Nein: Das Fusionsorchester muss künftig zwischen 6 Probenorten hin und her pendeln: Stuttgarter Liederhalle 67 Tage (Beethovensaal, der zu kleine Mozartsaal, Hegelsaal), Sindelfinger Stadthalle 13 Tage (20 Km vor Stuttgart), Funkhaus Stuttgart 33 Tage (zu klein und akustisch schwierig), Theaterhaus Stuttgart 5 Tage, Konzerthaus Freiburg 28 Tage. Dadurch entstehen zusätzliche Miet-, Reise- und Transportkosten, Kosten für zusätzliche Aufnahmewagen, sowie zusätzliche Dienstzeiten der Musiker durch An- und Abreise. Wegen des Umbaus der Stuttgarter Oper wird die Raumnot noch größer.

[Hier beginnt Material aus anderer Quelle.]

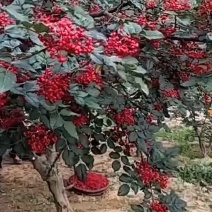 武都花椒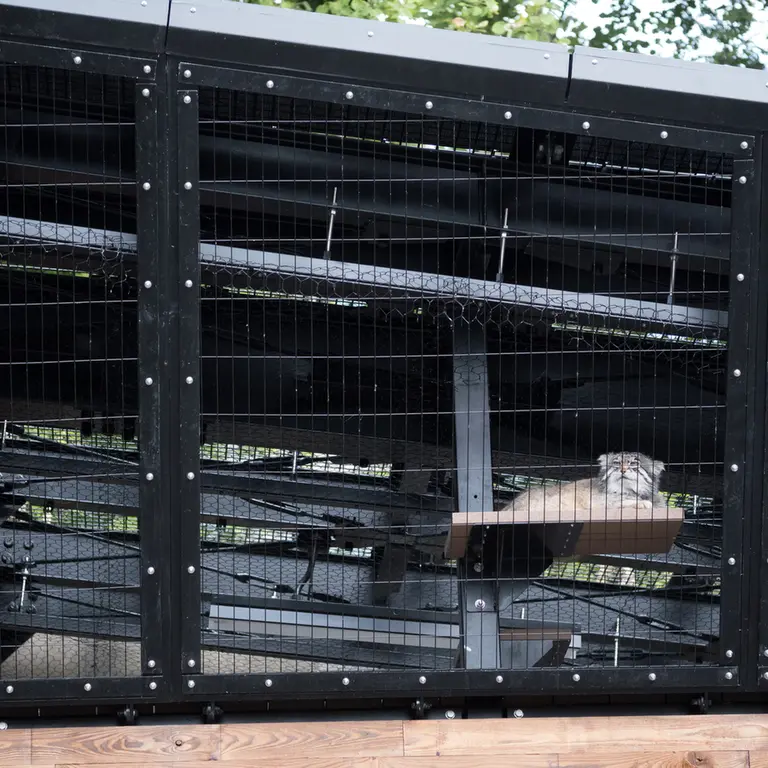 A photograph of Grusha in Asahiyama Zoo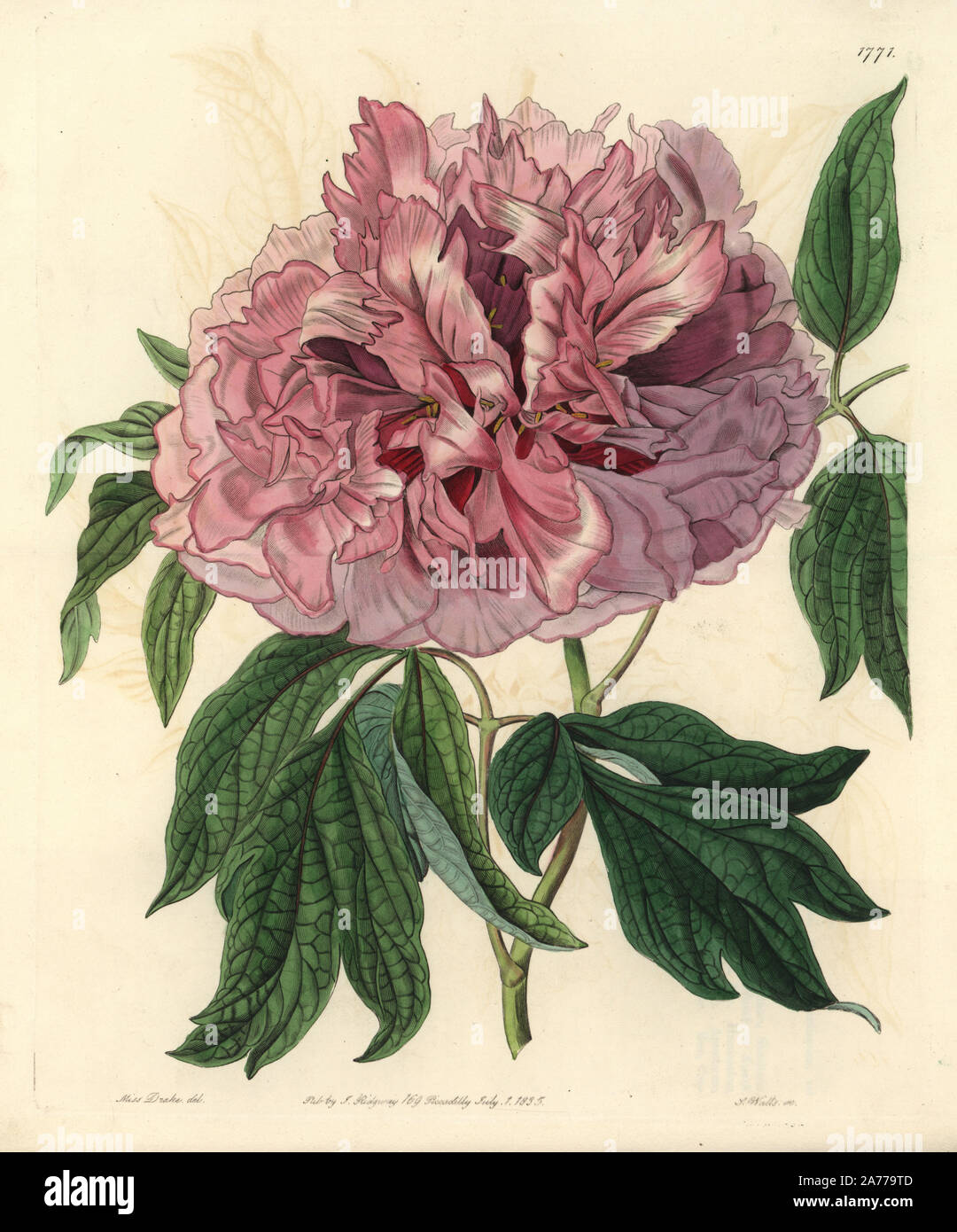 Moutan peony, Paeonia suffruticosa Andrews var. lacera (Double-red curled tree peony, Paeonia moutan lacera). Handcoloured copperplate engraving by S. Watts after an illustration by Miss Drake from Sydenham Edwards' 'The Botanical Register,' London, Ridgway, 1835. Sarah Anne Drake (1803-1857) drew over 1,300 plates for the botanist John Lindley, including many orchids. Stock Photo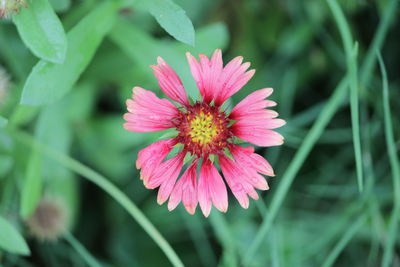 Close-up of pink flower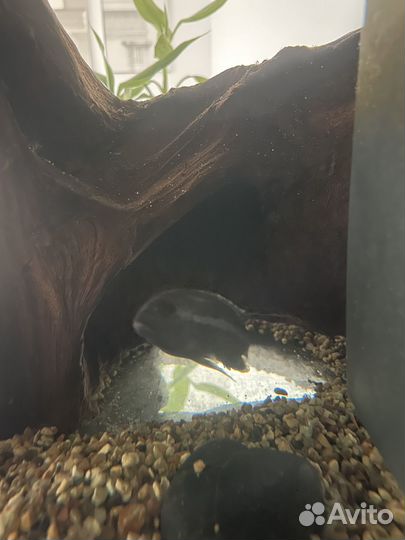 Рыба Меланохромис ауратус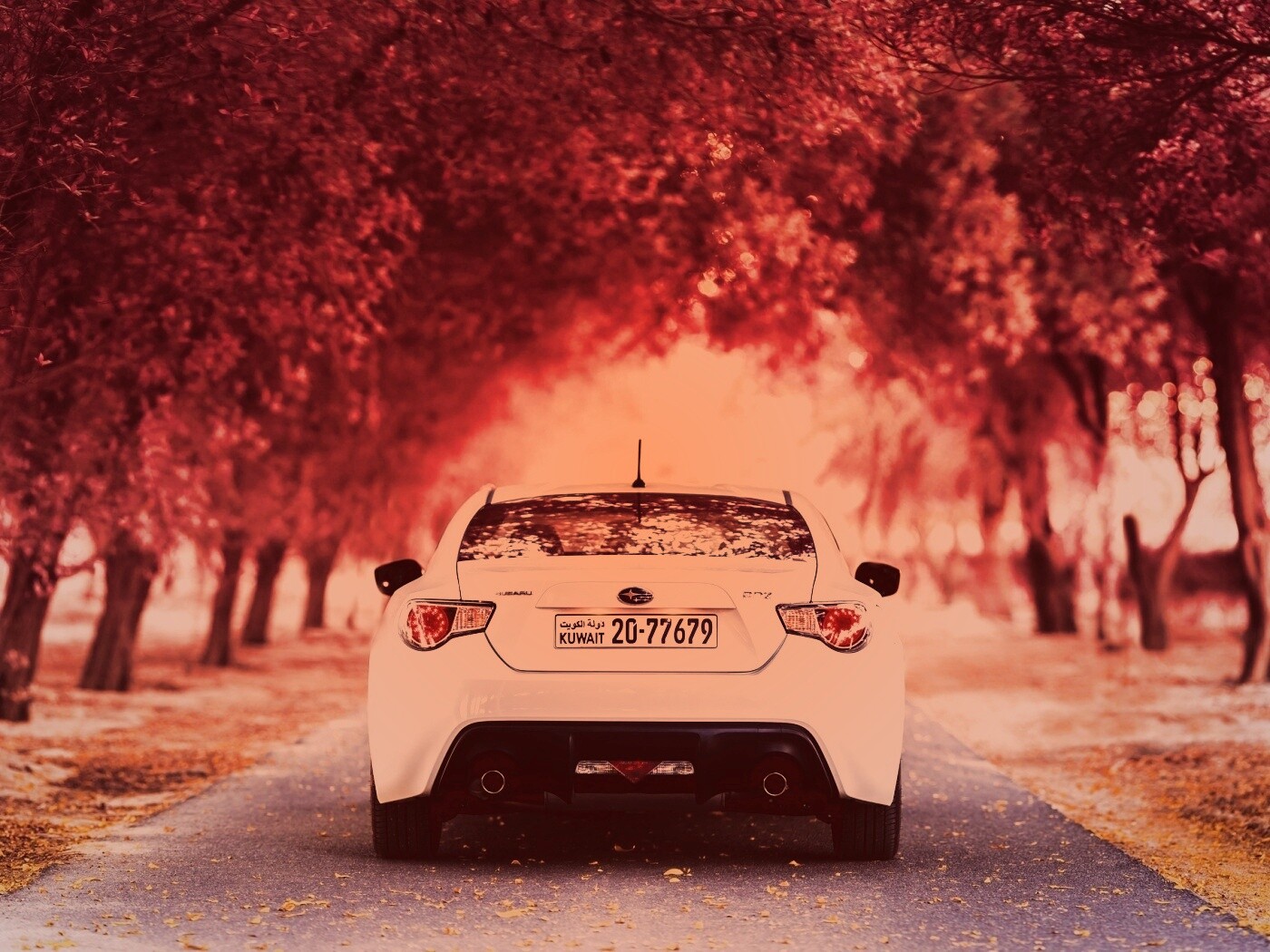 Субару на осенней дороге обои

Der SWR ‘begleitet’ daher schon heute die (vage) Idee eines neuen großen Konzerthauses in Stuttgart ‘mit großer Sympathie“! Von der Zusage ‘idealer’ Arbeitsbedingungen in Stuttgart ist das Fusionsorchester weit entfernt.

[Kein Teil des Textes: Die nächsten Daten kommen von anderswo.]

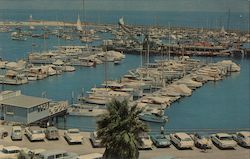 Yacht Harbor Postcard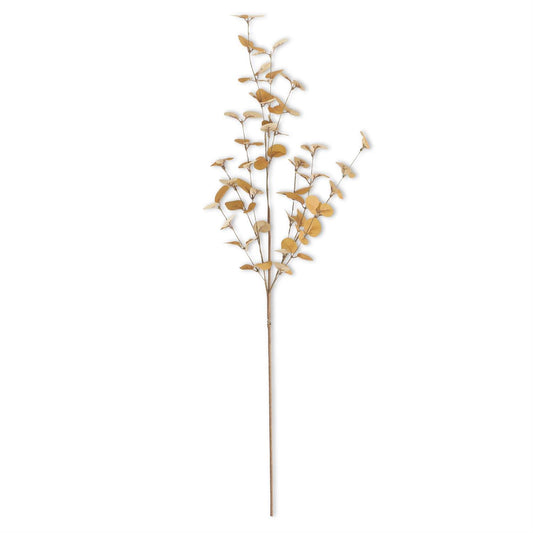 34" Orange Eucalyptus Stem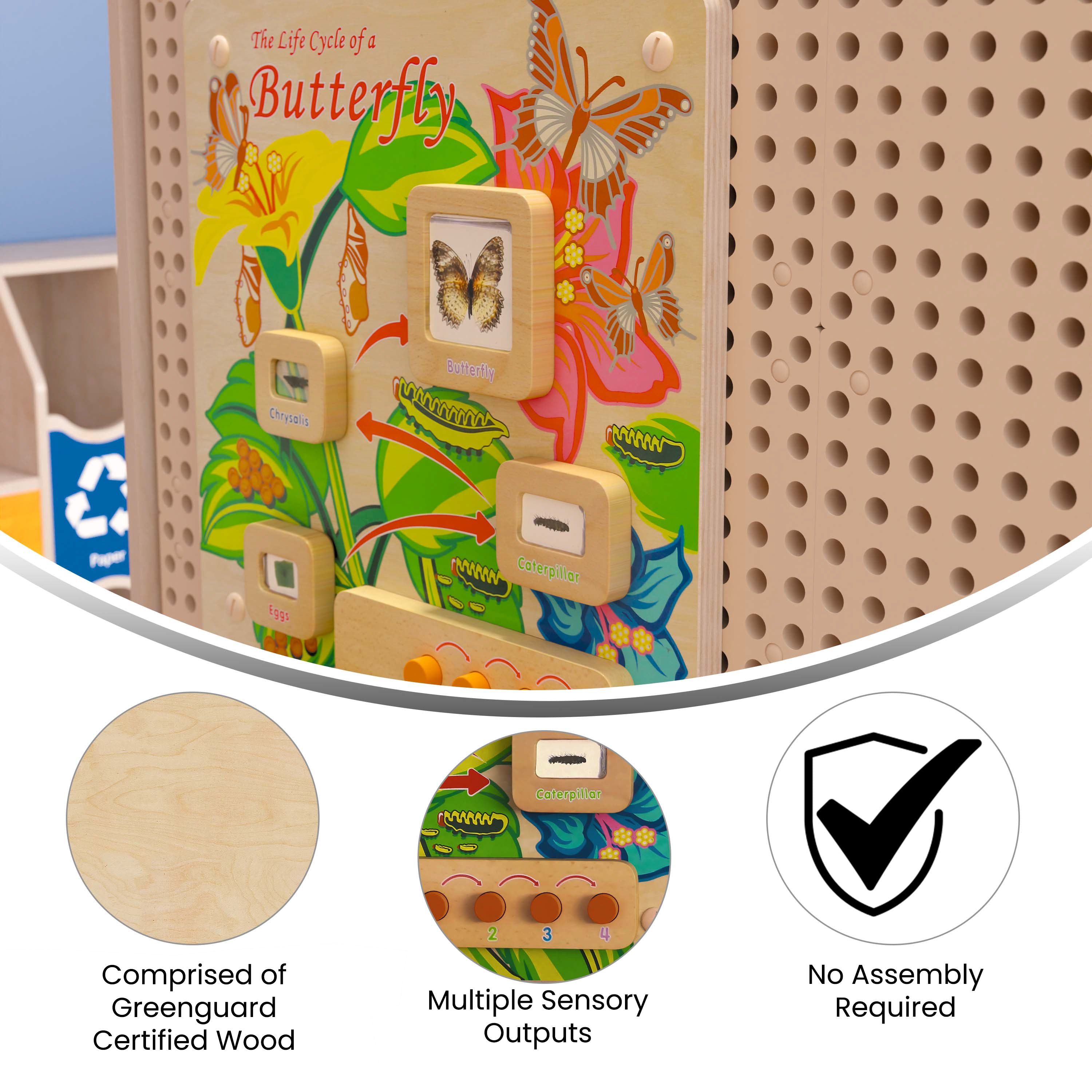 Bright Beginnings Commercial Grade STEAM Wall Activity Board with Natural Finish and Multicolor Accents, Butterfly Life Cycle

11. Ist es gewährleistet, dass Freiburg auf Dauer Konzertplatz für das Fusionsorchester bleibt?
Nein: Es ist zu befürchten, dass der SWR die Zusagen für den Konzertplatz Freiburg (Abo-Konzerte, Kinder- und Jugendprojekte) nur so lange aufrecht erhält, wie ihm dies aus politischen Gründen geboten erscheint, um dann sein Engagement nach und nach abzubauen.

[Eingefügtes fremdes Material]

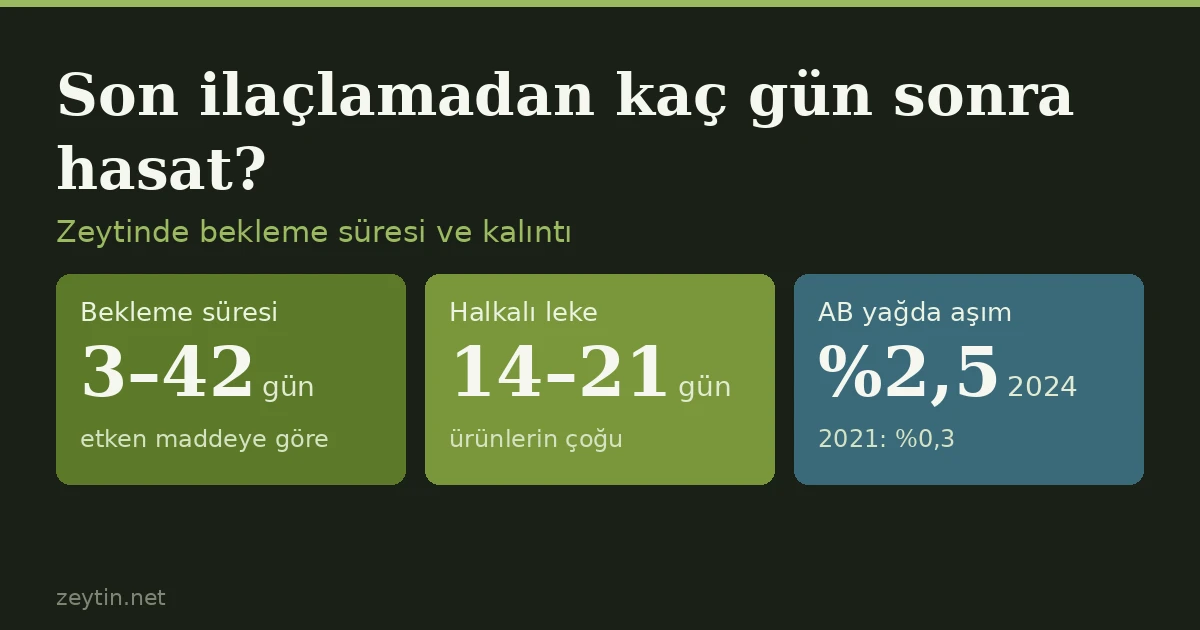 Zeytinde son ilaçlamadan kaç gün sonra hasat yapılır? Bekleme süresi ve kalıntı
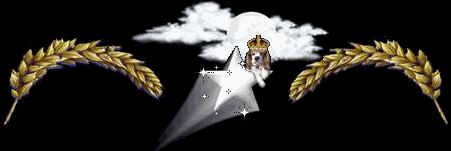 Image h�berg�e par Casimages.com : votre h�bergeur d images simple et gratuit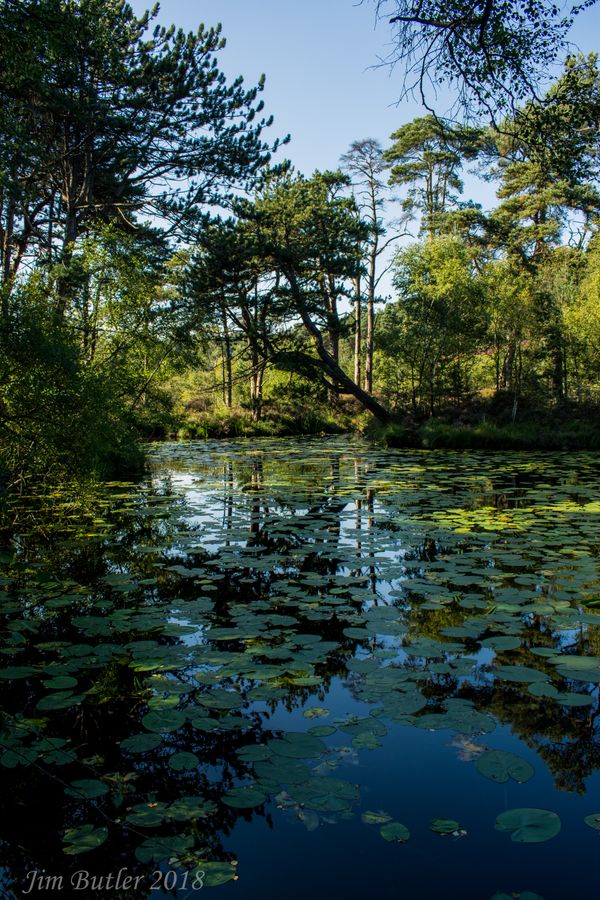 Pond 1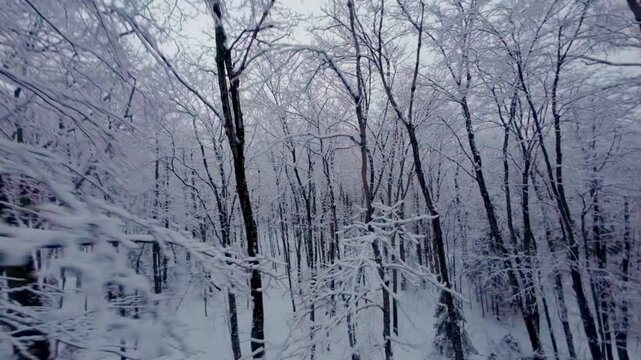 FPV drone maneuvers between icy tree branches in a snow-covered forest at Mont Pinacle, Quebec, on a grey day.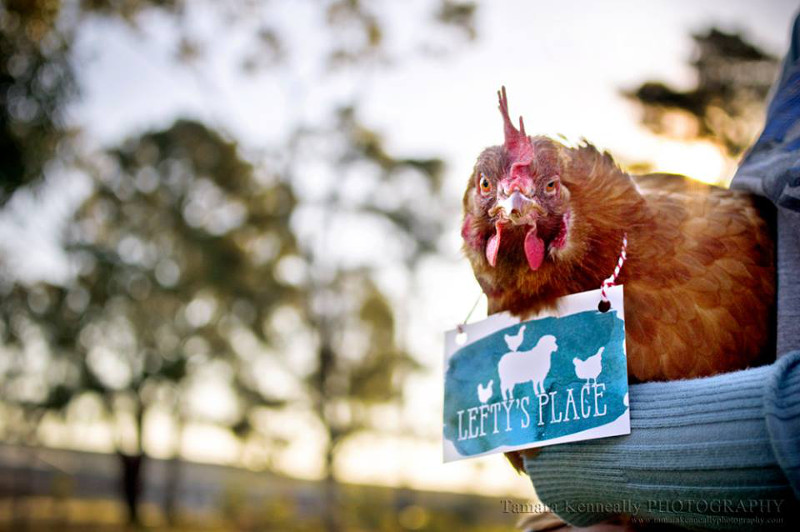 5 Artists and Photographers Who Fight for Farmed Animals in Their Work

12. War unser Protest gegen die Orchesterfusion vergebens?
Nein: Der Widerstand gegen die Auflösung des SO ist nicht ohne Wirkung geblieben: Der laute Protest der SO- Unterstützer hat weit über Baden-Württemberg hinaus gezeigt, dass es ein Musikpublikum gibt, das sich für sein Orchester engagiert und sogar speziell für die Neue Musik; der Bayerische Rundfunk und der WDR haben entgegen früheren Überlegungen beschlossen, ihre jeweils zweiten Orchester (das Münchner Rundfunkorchester und das WDR-Funkhausorchester) nicht anzutasten; auch der Beschluss der baden-württembergischen Landesregierung, die finanzielle Förderung der Musikkultur (vor allem im badischen Landesteil) in den nächsten sechs Jahren um 12 Mio. Euro anzuheben, war sicher nicht nur ein Wahlgeschenk, sondern auch eine Reaktion auf die entsprechenden Forderungen bei allen Protestkundgebungen.
13. Sind die wahren Gründe für die SWR-Orchesterfusion bekannt?
Nein: Vermutlich kennt der SWR die wahren Gründe selbst nicht! Anzunehmen ist eine Mischung aus politischem Druck aus Rheinland-Pfalz nach der ‘Fusion’ von SWF und SR, einer starrsinnigen Durchsetzung des einmal gefassten Beschlusses von Intendanz und Rundfunkrat, totale Ignoranz der traditionsreichen, exzellenten Musik- und Orchesterkultur des SWR SO, Unkenntnis über die musikalische Eigenständigkeit und internationale Bedeutung der beiden bestehenden SWR-Orchester, Gleichgültigkeit gegenüber der Musikstadt Freiburg, u.v.m.
14. Wird der SWR seinem Kulturauftrag künftig noch gerecht?
Nein: Die Aufführung sinfonischer Neuer Musik auf höchstem musikalischem Niveau ist die stärkste Begründung dafür, warum die öffentlich-rechtlichen Rundfunkanstalten eigene große Sinfonieorchester unterhalten sollten. Keine andere Musikgattung ist gleichermaßen auf eine bewusste Programmgestaltung, auf gezielte Auftragskompositionen und eine exzellente Aufführungsqualität angewiesen. Die bewusste Zerstörung des entsprechenden Klangkörpers oder ein leichtfertiger Verzicht darauf widerspricht dem Kulturauftrag der Rundfunkanstalten. Für den SWR bedeutet dies, dass er Gefahr läuft, sich selbst als wichtigen Kulturträger abzuschaffen!
15. Zerstört der SWR mit der Fusion traditionelle Orchesterkultur?
Ja: Das SWR SO wurde 1946 (als SWF SO) von der französischen Übergangsverwaltung gegründet, um im deutschen Südwesten die bis dahin unterdrückte zeitgenössische (‘entartete’) Musik wieder aufleben zu lassen. Seither pflegt das SO die Neue Musik wie kein anderes Orchester weltweit. Die Reihe namhafter Dirigenten hat diese besondere Musikkultur weitergeführt und immer neu geprägt. Für zahlreiche Komponisten war die Existenz des SWR SO die Voraussetzung für ihre großen sinfonischen Kompositionen. Es ist zu befürchten, dass all dies mit der Gründung des Fusionsorchesters für immer verloren geht.